Friday, September 2, 2016

National parks in the Netherlands

Wolff en Hoeck in de Purmer: Jan van der Heijden (1678) (courtesy SKBL)
Over at Environmental History Resources, Jan Oosthoek recently posted "Cultured nature: The Nature Scenery Act of the Netherlands", based on his podcast interview with Wybren Verstegen, whose article, "The Nature Scenery Act of 1928 in the Netherlands", was published last year in Forest History Today. There's also a video. Oosthoek writes:
When thinking of national parks most people think of famous examples like Yellow Stone and Yosemite in the United States or the Serengeti in Tanzania. These parks are large in scale with an emphasis on wild life conservation and the preservation of scenic landscapes. Human activity and presence are restricted and regulated and people are visitors.

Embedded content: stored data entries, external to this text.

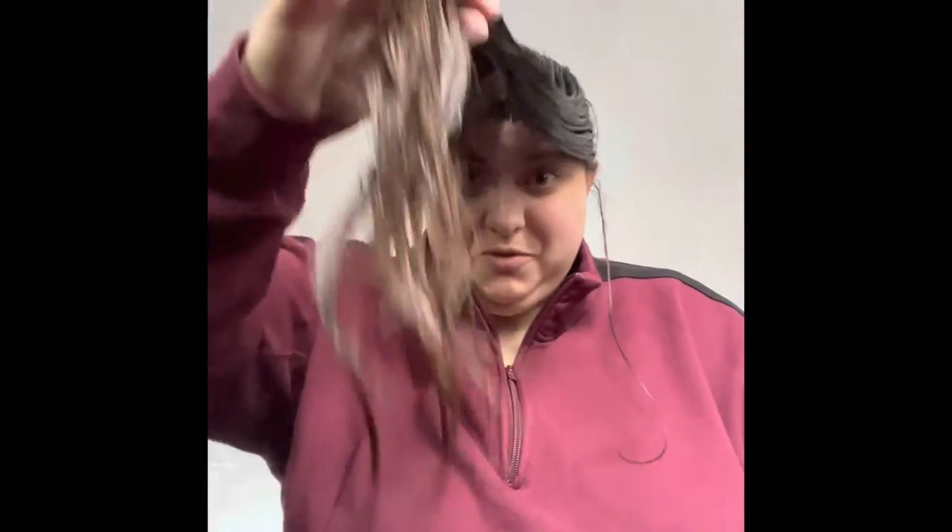I'm cutting my hair myself. I thought I would show you. It's just a ponytail in the front.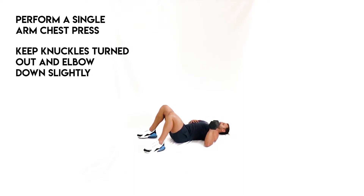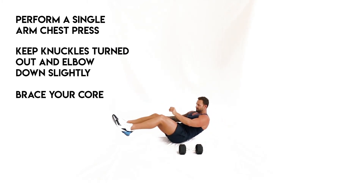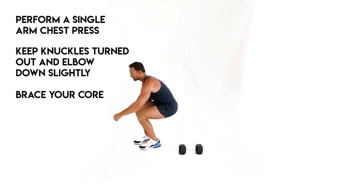Keep the knuckles turned out and elbow down slightly to maximize pectoral activation rather than anterior delt, and brace your core as much as possible through this movement. This exercise targets the chest, triceps, and core.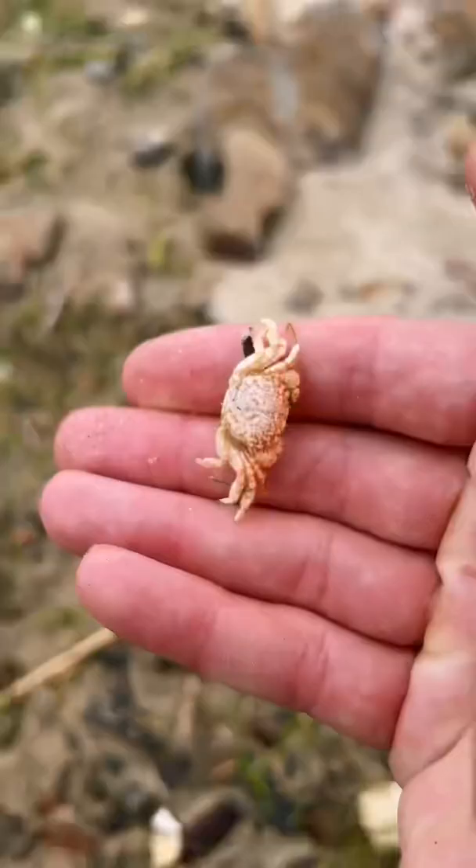During this process, a crab can regrow lost limbs like legs and claws. Heck, they can pretty much grow a whole new body.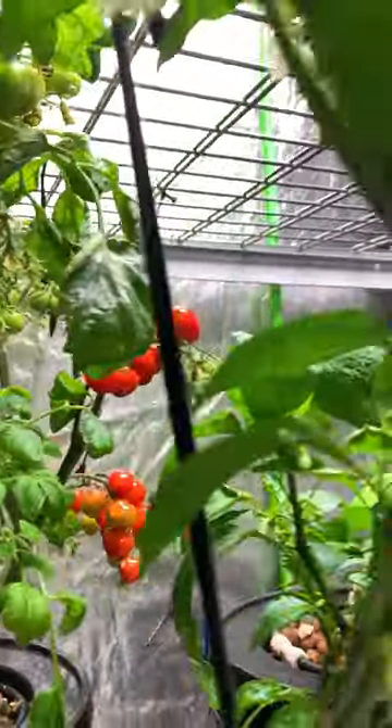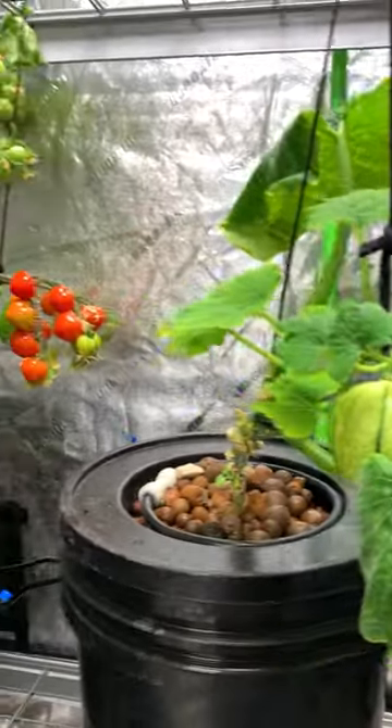With a system like this, you can grow a variety of plants from small to big. So start growing your own food, anytime, any season.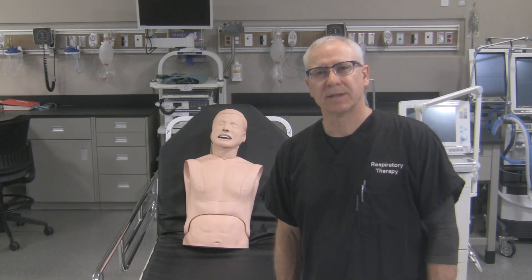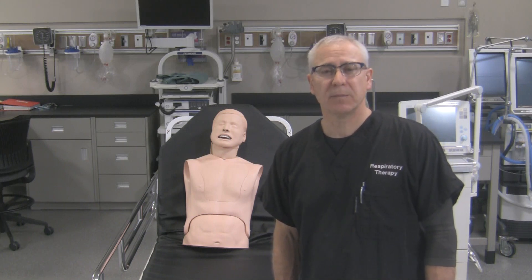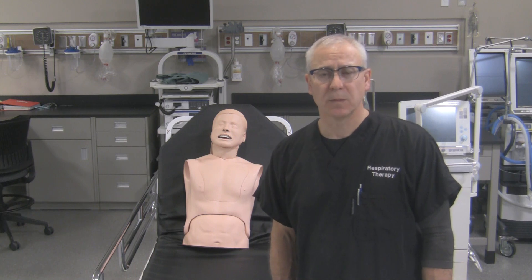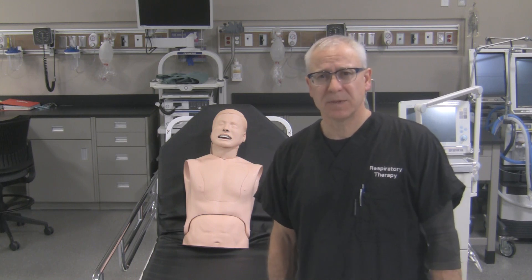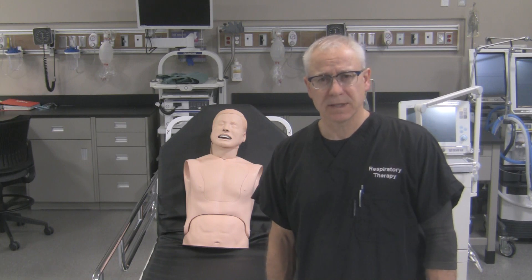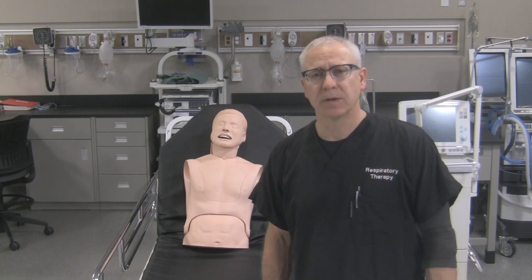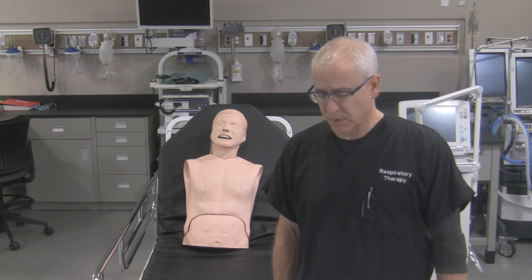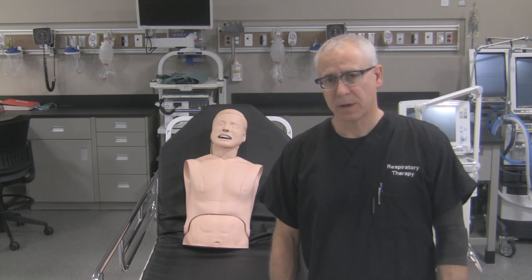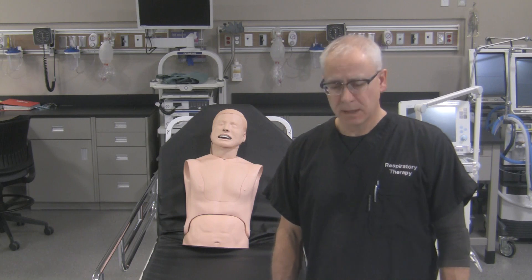Hi, this is George. What I'd like to do today is show you how to quickly place a laryngoscope blade on a laryngoscope handle. It is fairly simple to do, but sometimes you might get your fingers caught in the wrong places, which could lead to a pinch or a scrape during attachment or detachment. This will show you how to put it on safely and how to detach the blade safely as well.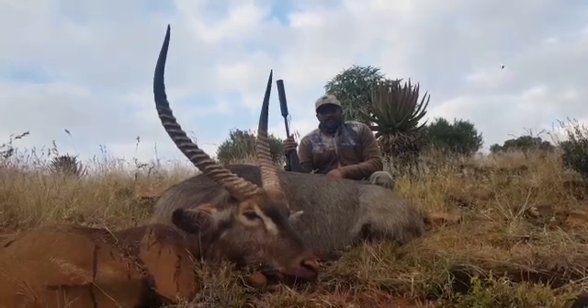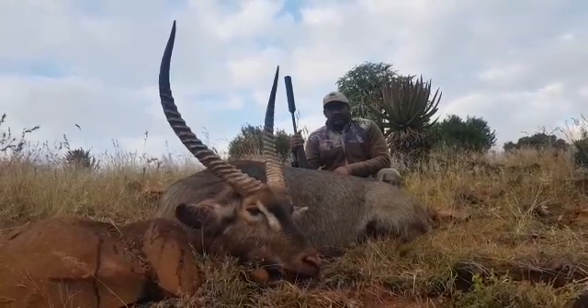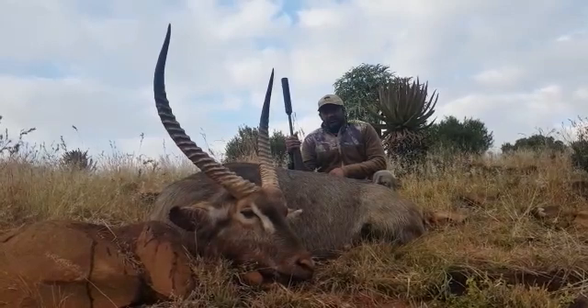Mark, my PH, spotted the waterbuck on the hill. We walked and stalked it, coming within 150 meters of the waterbuck.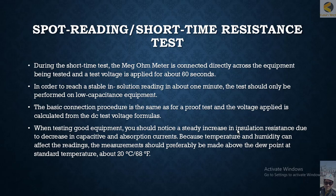When testing good equipment, you should notice a steady increase in insulation resistance due to the decrease in capacitive and absorption current. Because temperature and humidity can affect the reading, measurements should preferably be made above the dew point at standard temperature — about 20 degrees Centigrade or 68 degrees Fahrenheit.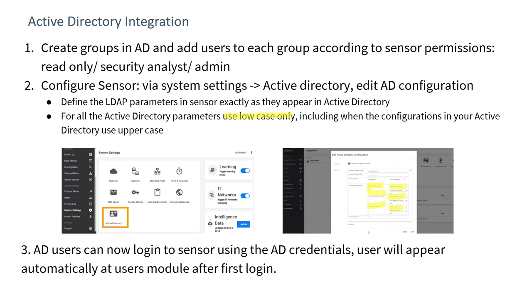Using Active Directory, security analysts or administrators will be able to log in using their AD credentials. Thank you for listening, we hope it's been useful, and we look forward to hearing from you.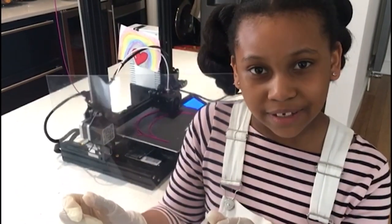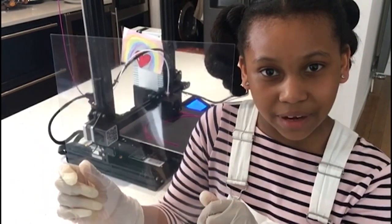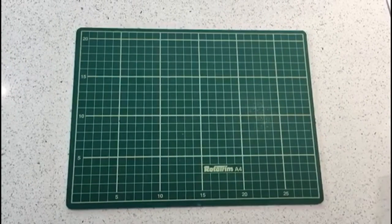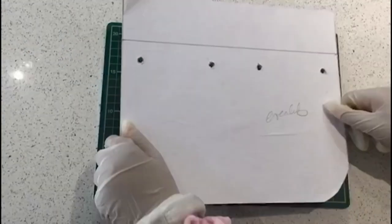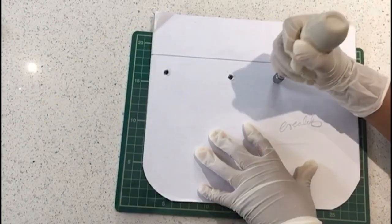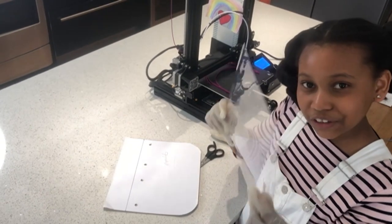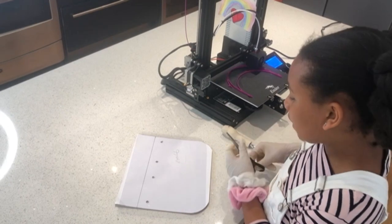So while that's printing, it's time to make the shield part of the visor out of this A4 plastic acetate. Don't forget to put on some gloves. Using your cutting mat, you're going to place your plastic acetate on top of there. Then you're going to place your template on top of that so that you can punch some holes in it. Then you need to place your acetate on top of your template and cut it so that they're the same size.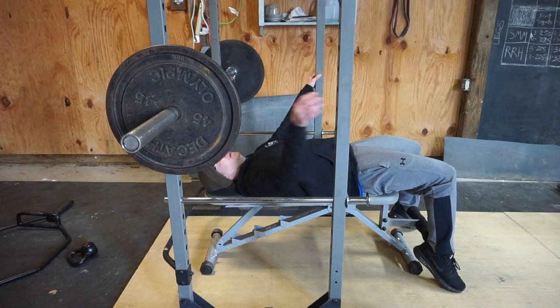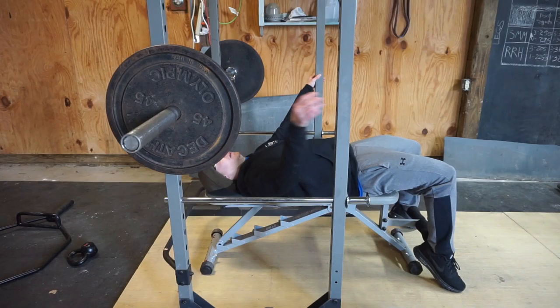When you lift the bar up, make sure to keep your shoulder blades pinched. Bring the bar all the way down to your chest and get that full range of motion. Make sure your elbows are not flared out — try to keep them tucked in.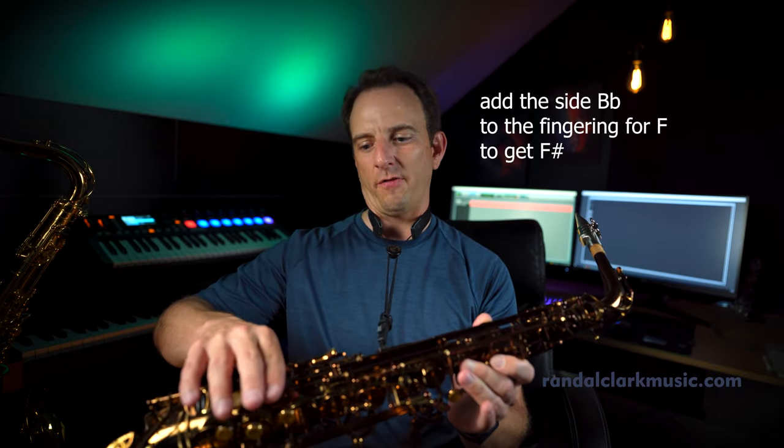Now I can go ahead chromatically to the F sharp, and I do that by playing the side B flat — the very lowest side key on the right hand. And there we go: from E, F, F sharp. And I'm staying on the front of the horn so it's very easy to play.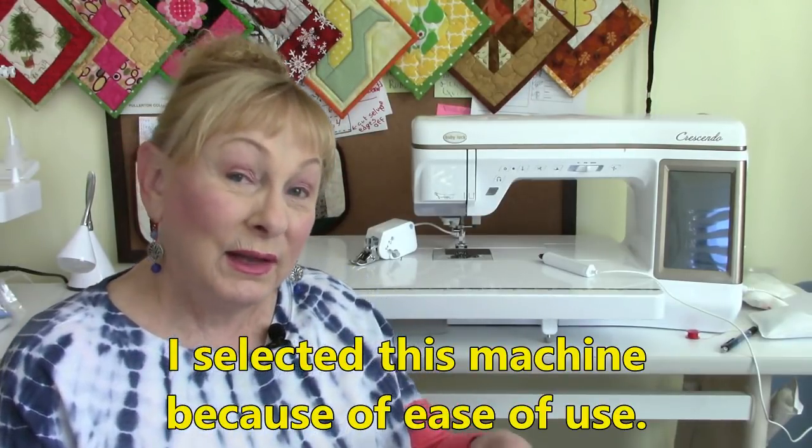So what kind of sewing do I do? If you've been watching me, you know I make clothing, tote bags, a lot of novelty projects. I also love table linens — I make a lot of table runners and pot holders — but my favorite type of sewing is quilting. So why did I select this machine? Number one reason is ease of use.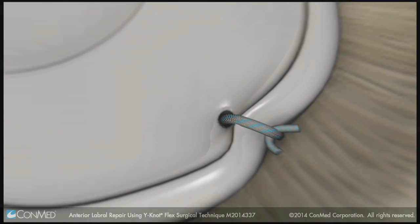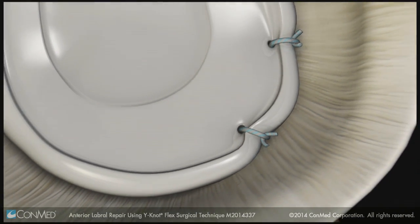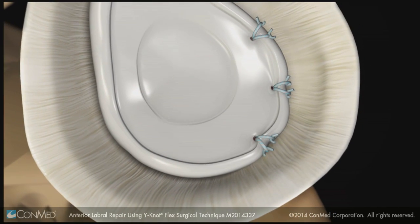Repeat the steps using additional anchors to complete the repair. Double-loaded Y-Knot All-Suture Anchors are also available.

In smaller and densely populated countries like Britain or the Netherlands, the creation of large national parks is complicated. In these countries landscapes are far from natural and humans are part of the fabric of the landscape. For this reason, it is difficult to restrict human access and activities to create national parks.
In the Netherlands nature and human activity are almost inseparable because about half of the country is at or below sea level and is reclaimed or drained. Consequently, the landscape of the Netherlands is mostly the product of human intervention and can therefore be described as a cultural artefact. As a result, formal protection of landscapes and wildlife came late. One of the early attempts to create protected conservation areas came in 1928 with the Natuurschoonwet, freely translated as Nature Scenery Act. This Act was mostly about protecting country houses set in park like settings.
As Oosthoek himself notes in the video, even in the US park landscapes are far from natural. But, as anyone who has visited parks in the US and in Europe knows, there is a big difference in the degree to which parks aspire to a wild or "natural" aesthetic on the two continents, with European parks tending to distinguish far less sharply than their American counterparts between nature and culture.